Looking Out For Other's Good Name

December 13, 2004

Adding insult to injury. In the free-wheeling political season we’ve just endured, we were subjected to more than the usual vitriolic attacks and disparaging characterizations. To win, politicians go for the dirt, the mud-slinging and the political jugular. This activity is dignified by the term "negative campaigning."

Bashing is another term we use to describe rude and destructive attacks. According to the dictionary, to bash is to strike a heavy, crushing blow. Both sides use innuendo, rumors or actual past misconduct to discredit their opponents. Every uttered statement and vote is examined for defect or inconsistency. It goes beyond the public record.

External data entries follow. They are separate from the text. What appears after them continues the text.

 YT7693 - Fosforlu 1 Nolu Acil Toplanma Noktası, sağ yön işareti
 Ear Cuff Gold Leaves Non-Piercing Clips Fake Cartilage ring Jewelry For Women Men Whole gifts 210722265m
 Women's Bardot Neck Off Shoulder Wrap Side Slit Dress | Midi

The private lives of politicians - their youth, their careers, their marriages, their children, their flaws - are subject to scrutiny. It is justified as the "character" issue.

"Fate never wounds more deeply the generous heart, that when a blockhead’s insult points the dart." -Samuel Johnson

Who among us could stand up to that kind of unrelenting scrutiny? Or would want to? How many of the good and honorable people elected to high office have private regrets about the public service they perform? How many privately feel, "I want my life back," when their daily lives are filled with demanding schedules and the constant glare of media attention?

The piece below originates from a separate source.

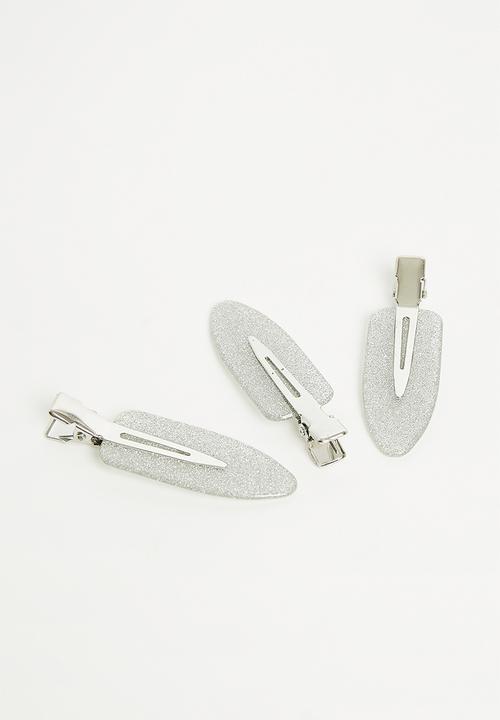 Rubi - 3Pk chloe flat clips - silver sparkle
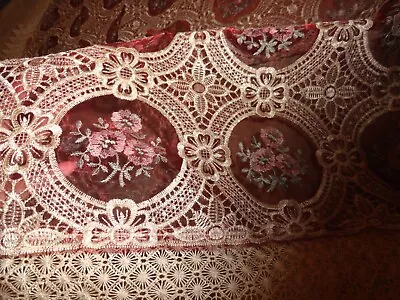 Beautiful Oval Lacy Embroidered Tablecloth 73  X 56  • $15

"A fair reputation is a plant delicate in its nature, and by no means rapid in its growth. It will not shoot up in the night, like the gourd of the prophet, but like the gourd, it may perish in the night." - Jeremy Taylor

The media gives air time and space to publish or broadcast the sordid and the sensational. Sensationalism boosts ratings and sells copy. In the name of reporting the news, the media bombards us with graphic accounts of human misconduct, greed, violence and sexual crimes. Insulting remarks between business, political and athletic opponents spice up the news.

"There are two modes of establishing our reputation: to be praised by honest men, and to be abused by rogues. It is best, however to secure the former, because it will be invariably accompanied by the latter." - Caleb Colton

Actual injuries can be atoned for and forgiven. Insults and disrespectful judgments are more pernicious. They attack and lower self-esteem to the point where the victim struggles to disbelieve the accusations.

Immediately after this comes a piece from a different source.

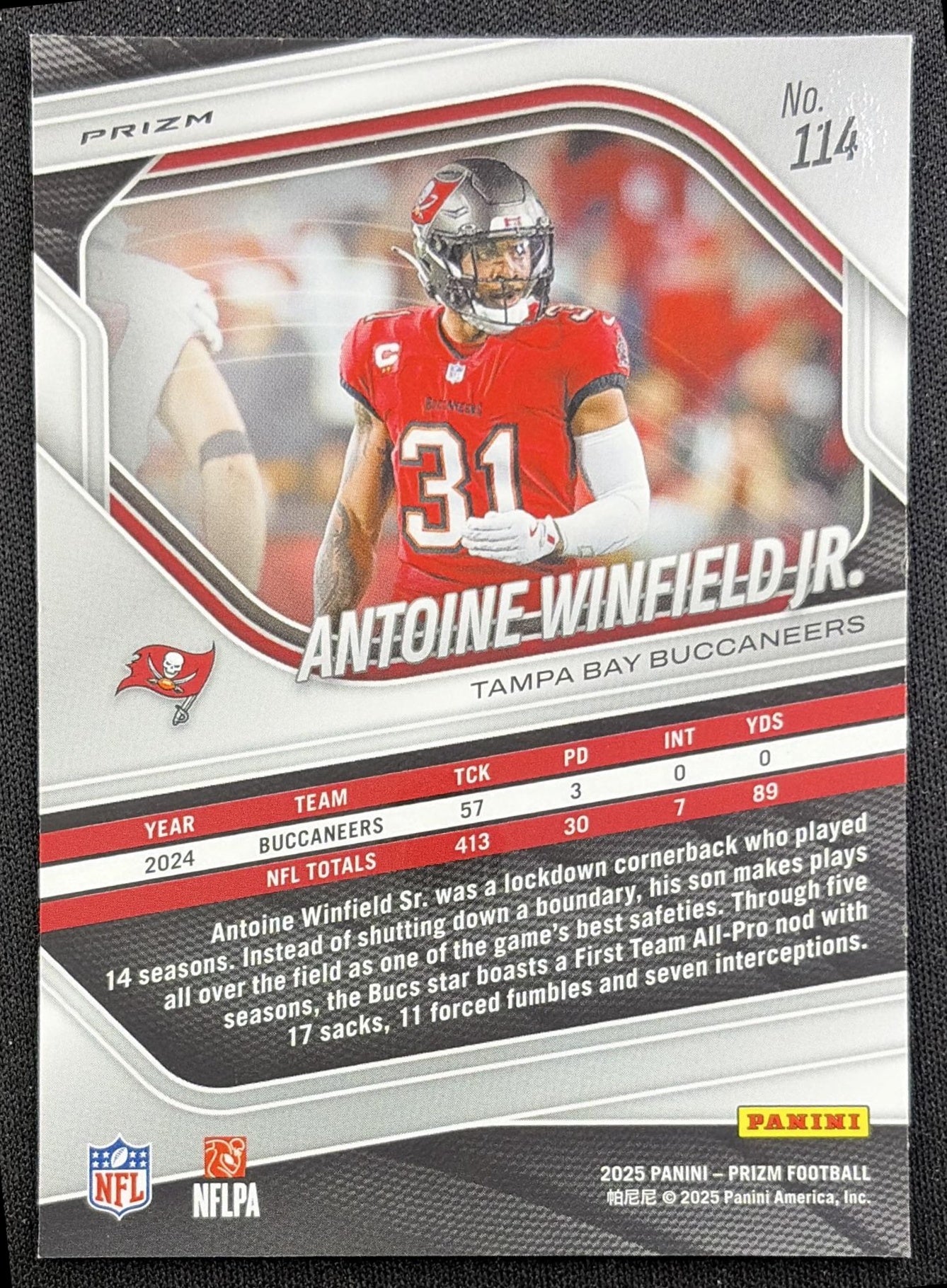 Antoine Winfield Jr. 2025 Panini Prizm Black & White Checker Buccaneers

"The greater part of mankind are more sensitive to contemptuous language than to unjust acts; they can less easily bear insult than wrong." - Plutarch

How much bashing do we do? How willing are we to bash a neighbor, a family member, a public servant, a country or another race?

Protecting instead of harming. An antidote for bashing is charity; not the charity of giving to the poor, but the charity with which we treat each other's good name.

"He that tears away another’s good name tears his flesh from his bones, and by letting him live gives him only a cruel opportunity of feeling his misery, of burying his better part and surviving himself." - Robert South

Marvin J. Ashton, a religious leader, gave the following commentary: "Perhaps the greatest charity comes when we are kind to each other, when we don't judge or categorize someone else, when we simply give each other the benefit of the doubt or remain quiet.

"Charity is refusing to take advantage of another's weakness and being willing to forgive someone who has hurt us. Charity is expecting the best of each other. None of us need one more person bashing or pointing out where have failed or fallen short. Most of us are already aware of the areas in which we are weak.

"What each of us need is family, friends, and employers who support us, who have patience to teach us, who believe in us, and who believe we're trying the best we can, in spite of our weaknesses.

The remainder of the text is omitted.